▸ **WORK INSTRUCTIONS**: Copy verbatim the block of lines in the entries below whose first line contains "Peugeot Horizon RE Plus" and whose last line contains "Pensionat Via Capo Sorrento". Leave out all other lines.

▸ **DATA PROVIDED**:
◆ ◆ ◆ ◆ ◆

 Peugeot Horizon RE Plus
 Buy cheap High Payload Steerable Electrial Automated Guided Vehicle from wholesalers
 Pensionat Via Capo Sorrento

◆ ◆ ◆ ◆ ◆

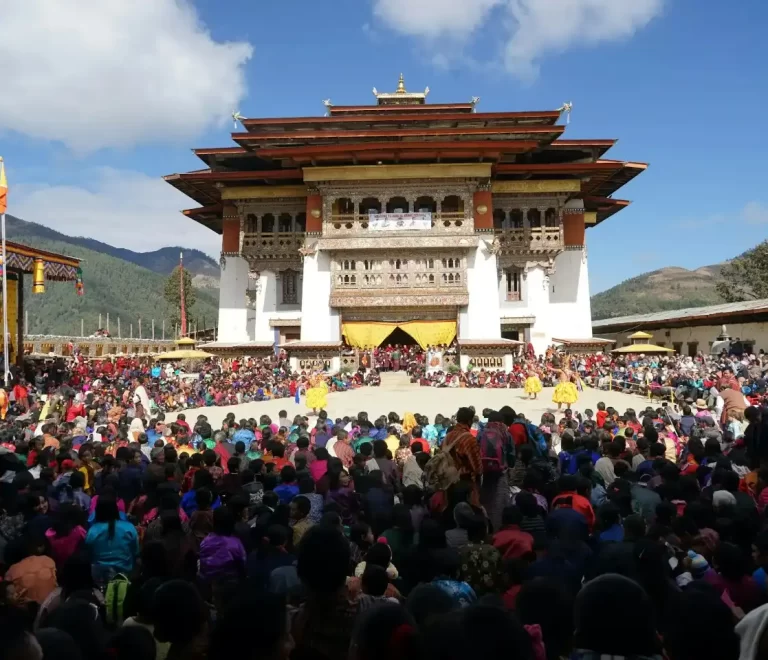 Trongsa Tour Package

◆ ◆ ◆ ◆ ◆

▸ **REPLY**:
 Peugeot Horizon RE Plus
 Buy cheap High Payload Steerable Electrial Automated Guided Vehicle from wholesalers
 Pensionat Via Capo Sorrento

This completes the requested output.